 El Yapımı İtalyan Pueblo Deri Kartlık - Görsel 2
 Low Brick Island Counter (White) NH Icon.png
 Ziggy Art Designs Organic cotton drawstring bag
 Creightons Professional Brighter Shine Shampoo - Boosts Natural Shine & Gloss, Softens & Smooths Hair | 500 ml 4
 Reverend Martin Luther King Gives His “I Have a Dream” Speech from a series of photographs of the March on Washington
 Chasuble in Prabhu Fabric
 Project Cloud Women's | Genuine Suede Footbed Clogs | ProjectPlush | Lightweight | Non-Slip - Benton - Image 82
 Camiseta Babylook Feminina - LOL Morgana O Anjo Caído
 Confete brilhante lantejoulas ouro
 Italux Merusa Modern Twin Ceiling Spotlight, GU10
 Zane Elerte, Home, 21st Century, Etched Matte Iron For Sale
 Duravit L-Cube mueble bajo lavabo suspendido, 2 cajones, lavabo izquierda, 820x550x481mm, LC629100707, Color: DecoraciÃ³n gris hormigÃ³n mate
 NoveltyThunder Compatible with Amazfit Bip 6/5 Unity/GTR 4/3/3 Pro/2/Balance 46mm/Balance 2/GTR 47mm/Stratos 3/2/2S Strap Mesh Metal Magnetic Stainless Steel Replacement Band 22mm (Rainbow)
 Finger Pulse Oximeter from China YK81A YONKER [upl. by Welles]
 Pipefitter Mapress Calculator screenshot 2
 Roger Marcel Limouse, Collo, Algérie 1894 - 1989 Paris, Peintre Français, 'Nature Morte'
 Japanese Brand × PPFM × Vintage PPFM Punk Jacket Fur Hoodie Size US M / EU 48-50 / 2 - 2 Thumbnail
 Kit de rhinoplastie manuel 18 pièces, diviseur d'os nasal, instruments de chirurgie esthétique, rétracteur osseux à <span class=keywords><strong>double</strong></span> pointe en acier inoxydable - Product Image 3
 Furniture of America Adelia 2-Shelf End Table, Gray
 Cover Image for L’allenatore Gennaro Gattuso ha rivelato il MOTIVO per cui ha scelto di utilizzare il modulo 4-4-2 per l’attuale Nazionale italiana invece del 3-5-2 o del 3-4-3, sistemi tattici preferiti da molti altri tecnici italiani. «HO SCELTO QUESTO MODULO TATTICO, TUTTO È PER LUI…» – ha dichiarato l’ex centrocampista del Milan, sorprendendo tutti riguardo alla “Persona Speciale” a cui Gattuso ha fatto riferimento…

What is expected -
In the entries above, find the line holding "Creightons Professional Brighter" and the line holding "Zane Elerte, Home, 21st", then retype exactly those two lines and every line between them, and nothing else.

Solution for this exercise -
 Creightons Professional Brighter Shine Shampoo - Boosts Natural Shine & Gloss, Softens & Smooths Hair | 500 ml 4
 Reverend Martin Luther King Gives His “I Have a Dream” Speech from a series of photographs of the March on Washington
 Chasuble in Prabhu Fabric
 Project Cloud Women's | Genuine Suede Footbed Clogs | ProjectPlush | Lightweight | Non-Slip - Benton - Image 82
 Camiseta Babylook Feminina - LOL Morgana O Anjo Caído
 Confete brilhante lantejoulas ouro
 Italux Merusa Modern Twin Ceiling Spotlight, GU10
 Zane Elerte, Home, 21st Century, Etched Matte Iron For Sale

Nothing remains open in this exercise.